HC Deb 04 December 2003 vol 415 cc632-3
3. Mr. Jonathan Djanogly (Huntingdon) (Con)

What recent estimate he has made of the cost of a grammar school ballot. [141758]

The Minister for School Standards (Mr. David Miliband)

The cost of a ballot will depend on the particular circumstances in the area in which it takes place.

Mr. Djanogly

At a time when the Government are supposedly supporting diversity in the types of school on offer and in the specialisations that schools can provide, why are they still fixated on attacking grammar schools and wasting time and money through their failing ballot system?

Mr. Miliband

It is Conservative Front and Back Benchers who are fixated on the 4.5 per cent. of schools in the country that are grammar schools. We are fixated on raising standards in all schools.

Dr. Phyllis Starkey (Milton Keynes, South-West) (Lab)

When the Minister is considering ballots for grammar schools, will he look again at the experience of Milton Keynes in the 1990s, when the Tory-controlled Buckinghamshire county council forced us to go through three successive ballots to try to persuade people to vote for grammar schools, which I am happy to say they did not? Does not that demonstrate the Tory party's continuing obsession with trying to concentrate resources on a small number of children instead of using them across the piece to bring up educational achievement, particularly for low achievers?

Mr. Miliband

My hon. Friend makes an important point. The Government are committed to ensuring that there is no extension of the 11-plus. Final decisions on school organisation, including grammar schools, are a matter for local people.

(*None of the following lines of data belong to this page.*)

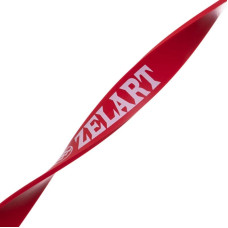 Гума для підтягувань Zelart S 10-40 кг, код: FI-941-5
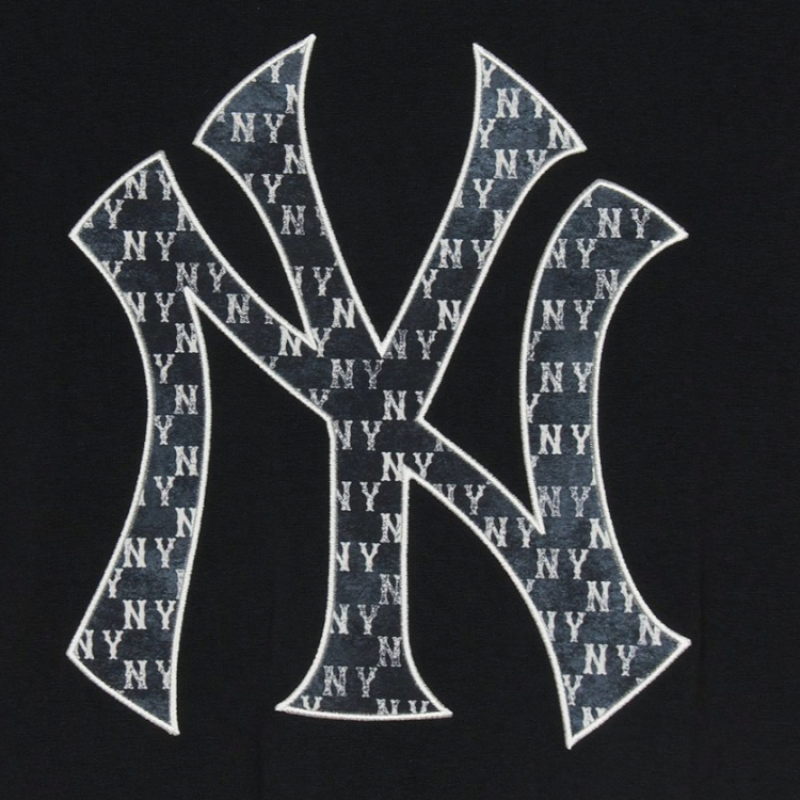 MLB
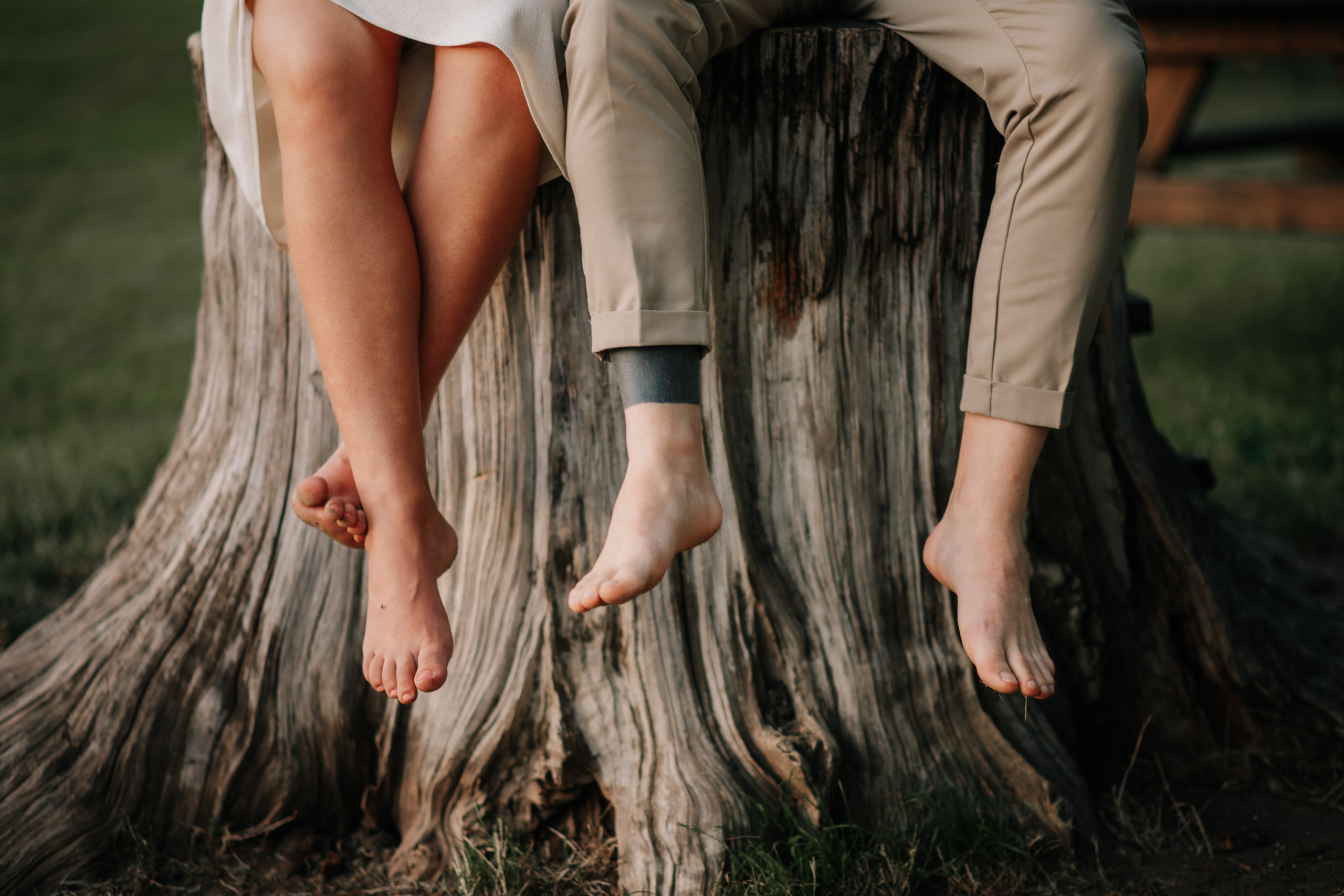 Rusanda (Verona, IT). Diana Fedrigo | Fotografa matrimoni in Italia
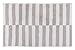 Produktbild Badteppich Beige Dex Aquanova 60x60, 60x100 o. 70x120, Größe:70x120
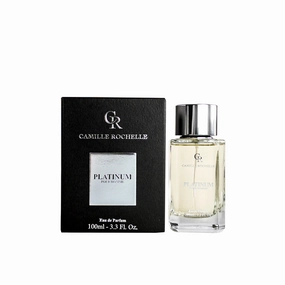 Platinum Pour Homme Cologne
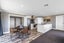 193 Orepuki Riverton Highway, Riverton - Carousel 5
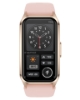 Picture of Smart Watch HLH024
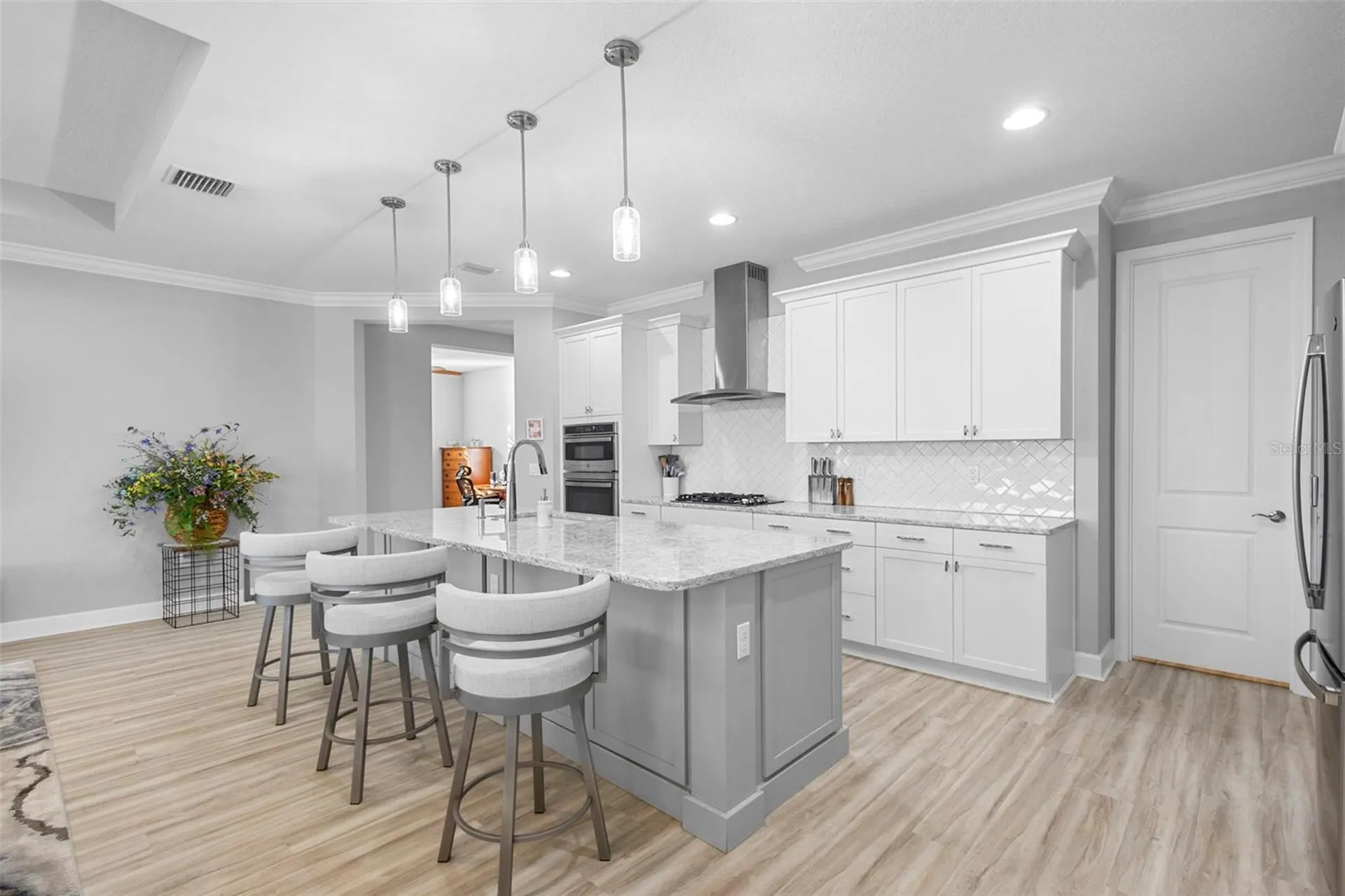 1188 Victoria Hills Drive N Deland FL 32724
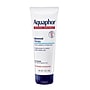 Aquaphor Advanced Therapy Healing Ointment, 7 oz., Squeeze Bottle (69787) ~#|#~BA985838-EDE8-437B-BF8B5368C9A28086_sc7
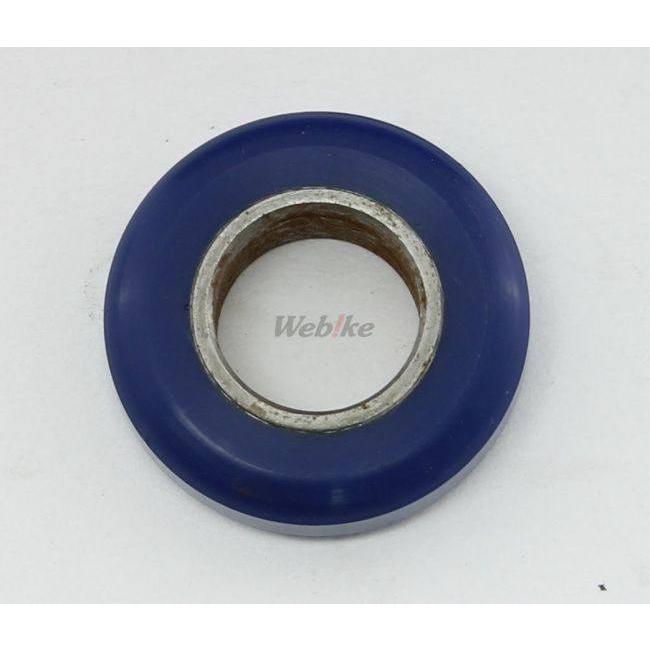 MORIWAKI ENGINEERING モリワキエンジニアリング 強化ホイールダンパーラバー RS125 MD250 HONDA ホンダ ハブダンパー ホイール関連 足回り | モリワキ | 01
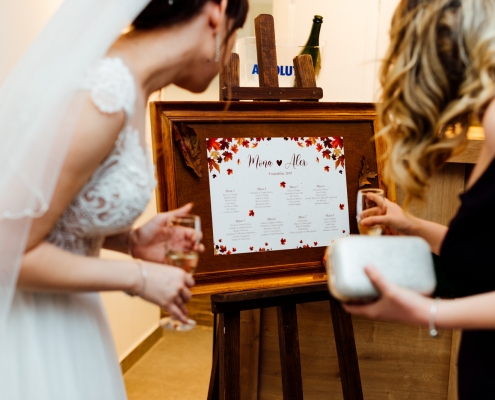 DAN_4462 Fotografie de nunta fotograf Dana Sacalov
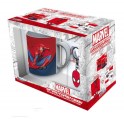 spider-man-GIFT-BOX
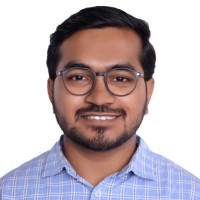 Manish Noola
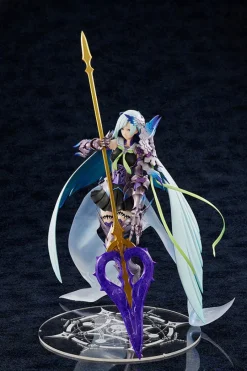 Best Amakuni Fate/Grand Order - Brynhildr - Lancer (Hobby Japan) [Shop Exclusive]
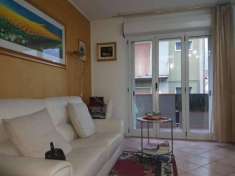 Foto Appartamento in vendita a Giulianova - 3 locali 80mq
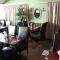 The Bell Inn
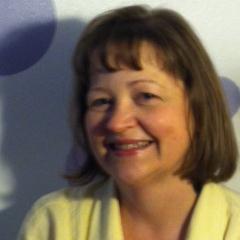 AGardnerBSCS's profile picture. 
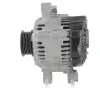 Generator 14 V FRIESEN 9091991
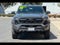 2024 Toyota Tacoma 4WD TRD Sport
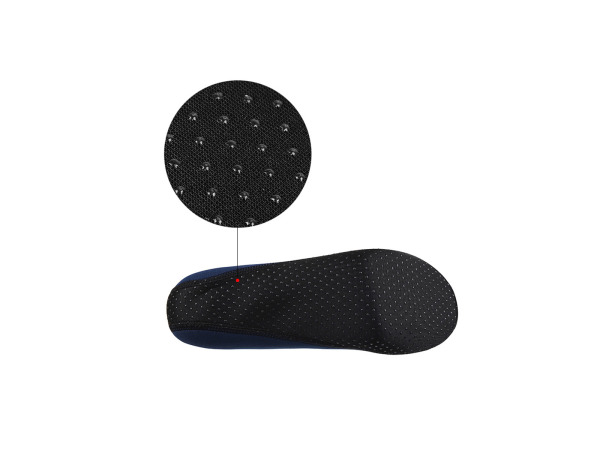 waterschoenen voor kids - antislip maat 27-28 – foto 3 – kavel bij XL Auctions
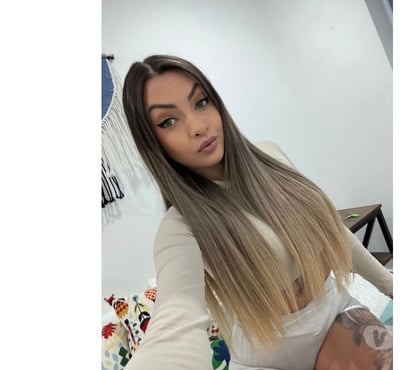 Escorts Birmingham City Centre Birmingham - Photos for KASSY BRANDÃO ❤️‍🔥 PARTY GIRL 🇧🇷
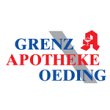 grenz-apotheke-oeding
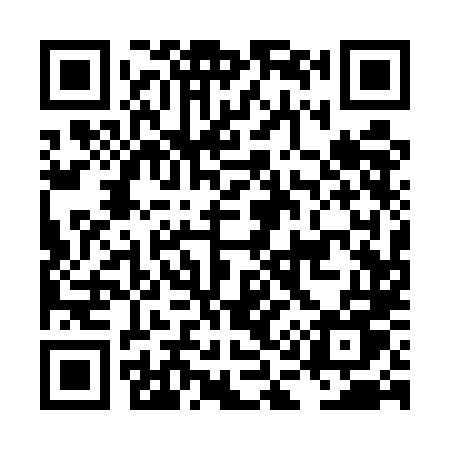 QR code for LA15LU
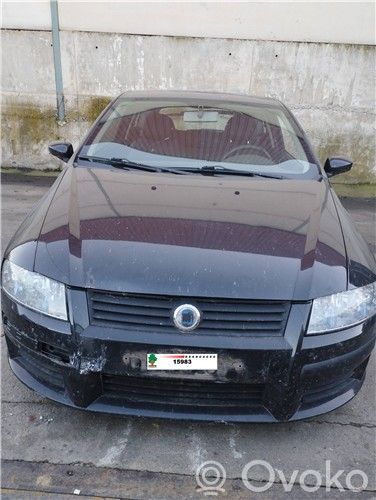 Stilo Stilo  1B2B6000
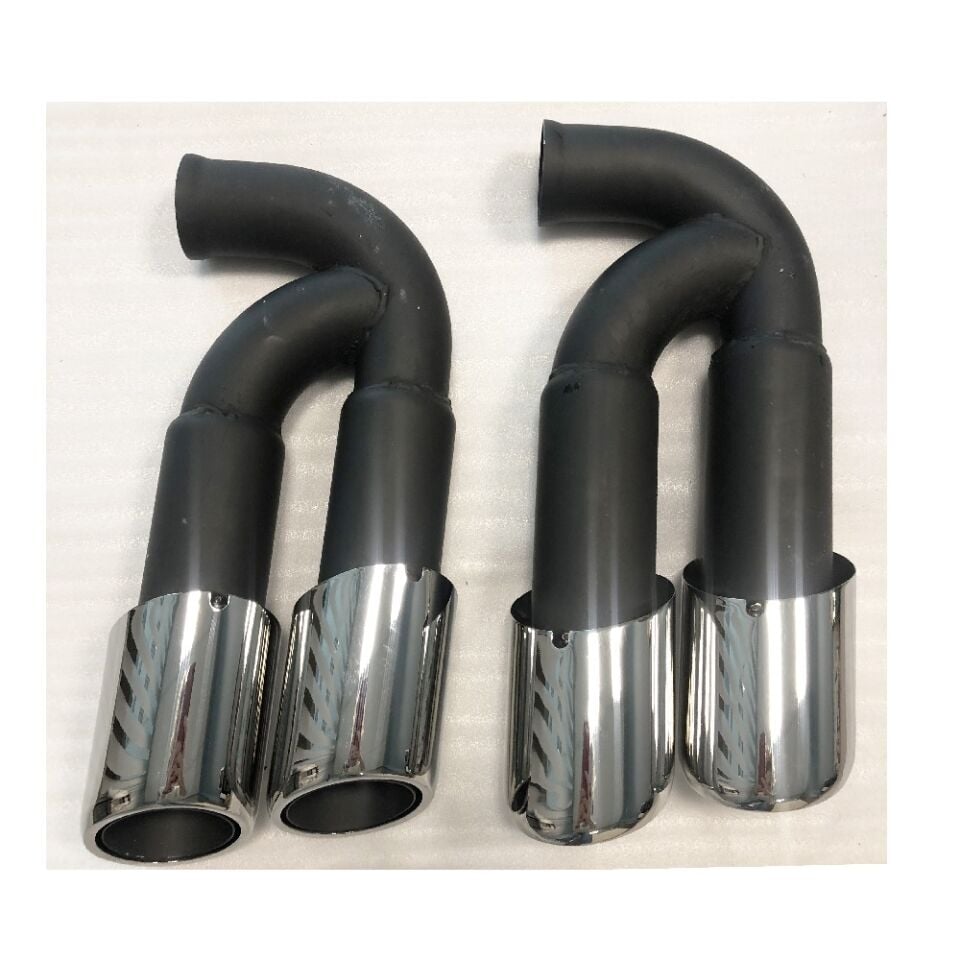 CAYENNE EGSOZ UCU YUVARLAK 10-14 KROM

Bob Spink (Castle Point) (Con)

Could we have ballots for new grammar schools?

Mr. Miliband

The hon. Gentleman was here in 1998 when the House debated the School Standards and Framework Bill, which specifically excluded debate on new grammar schools. [Interruption.] I beg the hon. Gentleman's pardon: I am told that he was not here. But some of my hon. Friends were, and the House made it absolutely clear that we want no extension of selection at age 11. If the hon. Gentleman's party wants to make that the battleground for the next general election, it is very welcome to do so.